Die Frage nach der Verjährung in Fällen sexualisierter Gewalt gegen Kinder war im Rahmen der Gerechtigkeitsbegriffe, die unser Miteinander prägen, relativ schwierig zu bearbeiten. Und es ist eine vertrackte Argumentation geworden. Mein Argument lautet, dass der Staat mit der Gewährung der Verjährung und der Verwährung der Klagemöglichkeit des Opfers zwar versucht Ausgleichsgerechtigkeit herzustellen, zugleich aber damit die grundlegende Gerechtigkeit, sich als freie Person entwickeln zu dürfen, dem Opfer verwehrt. Die Schwierigkeit als Opfer Klage zu erheben, hängt mit der Schwere der Tat zusammen, die es dem Opfer über Jahre verunmöglicht sich überhaupt an die Taten zu erinnern. Der Täter nimmt dem Opfer also  die Möglichkeit sich frei zur eigenen Vergangenheit zu verhalten. Die Gewährung auf Verjährung als Ausgleichsgerechtigkeit ist daher nicht im Sinne unseres Rechtsstaat, da die verwährte Freiheit für das Opfer für unseren Staat erst die Grundlage von Ausgleichsgerechtigkeit darstellt. Es geht ganz prinzipiell darum eine freie Person sein zu dürfen und zwar im höchsten existentiellen Sinne. Gerade hier widerspricht sich der Staat, wenn er das Prinzip der Ausgleichsgerechtigkeit gegenüber dem Täter, nicht mehr auf ewig verfolgt zu werden, gewährt, während er aber das fundamentalere Prinzip, die prinzipielle Freiheit jedes Mitbürger zu ermöglichen, mit der Ablehnung der Klagemöglichkeit verwehrt.

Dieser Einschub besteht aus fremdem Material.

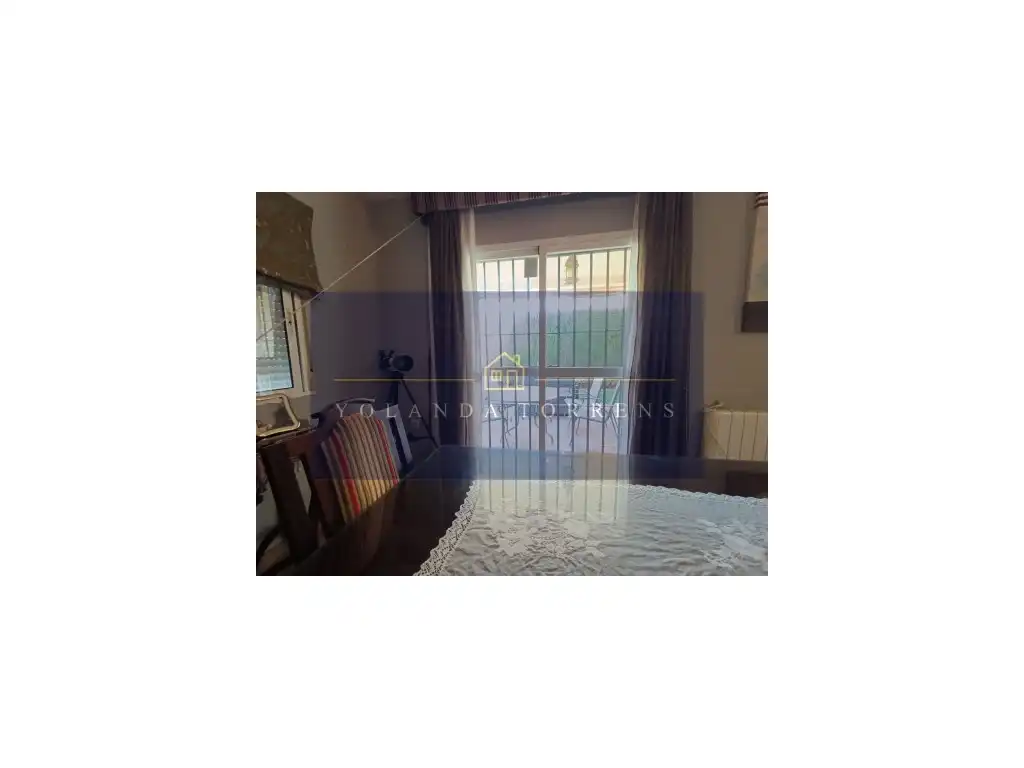 Chalet en venta en Oromana, imagen 17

 Die Darstellung ist nun sehr theoretisch, spiegelt aber das Niveau der Problemlage wieder. Christine Bergmann, die ja als Bundesbeauftragte für die Fälle sexualiserter Gewalt eingesetzt worden ist, und bei Markus Lanz noch bekannt gab, alle Briefe der Betroffenen gelesen zu haben, mag hier um gewissen Ausgleichsgerechtigkeit bemüht sein, damit ist aber der Grundsatz der Gerechtigkeit noch garnicht berührt. Ich hoffe daher mit meinem Gastbeitrag einen anderen Weg der Thematisierung eingeschlagen zu haben und das Augenmerk stärker auf die prinzipielle Verletzung der Freiheit des Betroffenen zu lenken. Näheres zu der Problematik mit Christine Bergmann zeigt der folgende Bericht:




Zu den Grenzen der Menschheit:
Wir müssen uns doch fragen, welche Form der Gerechtigkeit wir wollen. Dabei sind zunächst die Forderungen recht einfach. Die Durchsetzung verfängt sich aber in einem System, das immer stärker zu den einzelnen Fällen durchdifferenziert. Das Prinzip der Gerechtigkeit ist kein einfaches und findet im Rahmen der Entwicklung unserer Geschichte nur Würdigung, wenn wir bereit sind, dieses immer weiter zu differenzieren, wie unsere übrigen Systeme sich auch stärker und stärker differenzieren. Dieses habe ich in dem Gastbeitrag versucht, indem ich die letzte Grenze unserer Gesellschaft thematisiert habe: Die menschliche Freiheit sich in diesem Staat frei verhalten zu dürfen.

(Selbst Durkheim erkennt ja bereits den Zusammenhang zwischen der Differenzierung unserer Gesellschaft und der Differenzierung unseres Rechtssystems. Als er sich fragt, wie die Differenzierung von Staaten gemessen werden kann, postuliert er diesen Zusammenhang und untersucht die Rechtssysteme verschiedener Staaten empirisch.)

Philosophischer Nachtrag:
Das Thema war bereits Frage meiner Magisterarbeit gewesen, wo ich in ähnlicher Weise untersuchte, ob sich aus den prozeduralen Bedingungen unseres Rechtssystems substantielle Ableitungen gewinnen lassen. Die Schwierigkeit meiner vorgeschlagenen Argumentation ist mir also bewusst, ich gehe allerdings davon aus, dass die prozeduralen Bedingungen unseres Miteinanders substantiell verpfllichtend sind.